4.3.2 Fundamental Test

(1) Self Ignition Combustion Test

As the result of the basic combustion tests using a rapid compression/expansion equipment, it was suggested that heat loss had a great influence on the indicated thermal efficiency. Heat loss shall be directly measured by using the rapid compression/expansion equipment in fiscal 2000.

(2) Combustion Control Test Using Laser Igniter

In the single-cylinder engine, in case of using argon/oxygen as working gas, practice of the self-ignition shall be confirmed.

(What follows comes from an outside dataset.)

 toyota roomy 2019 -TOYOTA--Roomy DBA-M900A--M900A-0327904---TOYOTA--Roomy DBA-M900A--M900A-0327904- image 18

And in order to decrease the cost of the laser equipment, possibility of reducing ignition energy shall be researched.

(3) Lubrication Test of Piston Ring and Cylinder Liner

At the commercial machine, since short supply of lubricating oil and/or supply of degraded oil is anticipated, evaluation under more severe conditions shall be performed.

(4) Analysis of Phenomenon in the Cylinder of Hydrogen Diesel Engine.

By the improvement of the burning model etc., an accurate burning analysis which contributes the analysis of hydrogen engine performance shall be carried out.

4.3.3 Development of Single-cylinder Test Machine System

(1) Test Facilities

Based on the basic plan, the detailed design for the argon circulated type single-cylinder hydrogen combustion diesel engine shall be performed in fiscal 2000.

(2) Single-cylinder Test Engine

Including the countermeasure of melted zirconium powder spraying etc. detailed design of the combustion chamber shall be performed in fiscal 2000.